▶ **ASSIGNMENT**:
Locate "Ancol Heritage Magnetic Lock Collar Marigold" in the data below, then output the line it is on and all following lines through the last, word for word. Skip any pictures.

▶ **PROVIDED DATA**:
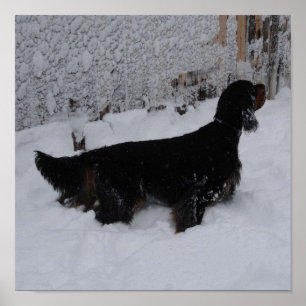 Gordon Setter in einem Schneesturm Canvas Print Poster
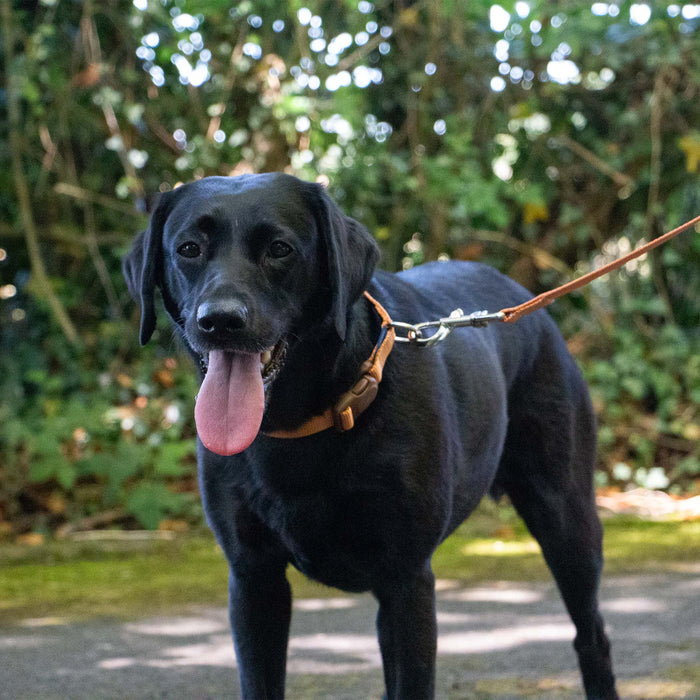 Ancol Heritage Magnetic Lock Collar Marigold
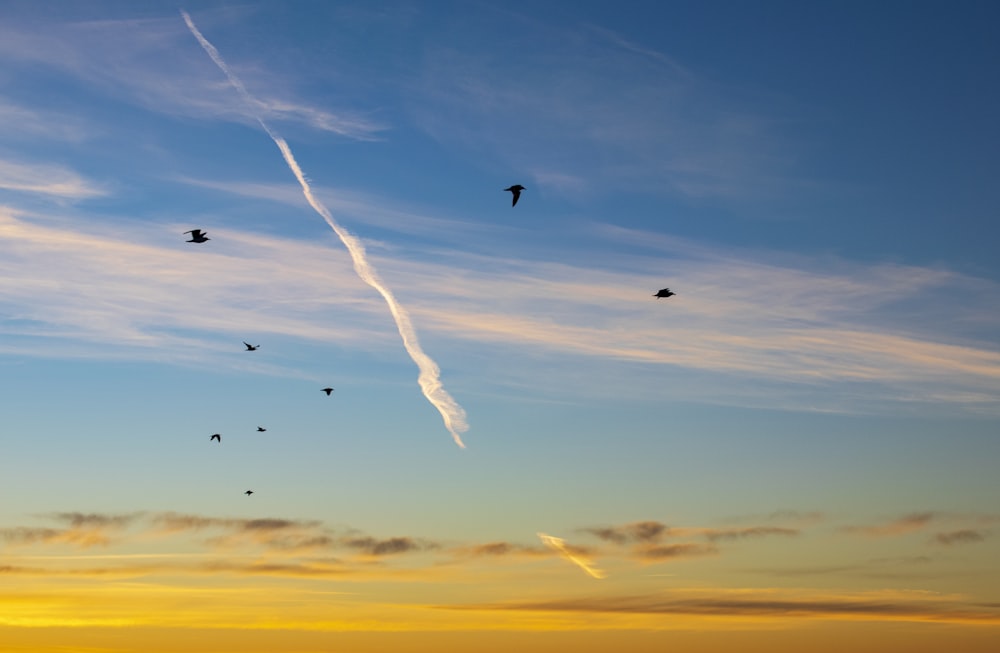 pájaros volando bajo el cielo azul durante el día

▶ **WORKED SOLUTION**:
 Ancol Heritage Magnetic Lock Collar Marigold
 pájaros volando bajo el cielo azul durante el día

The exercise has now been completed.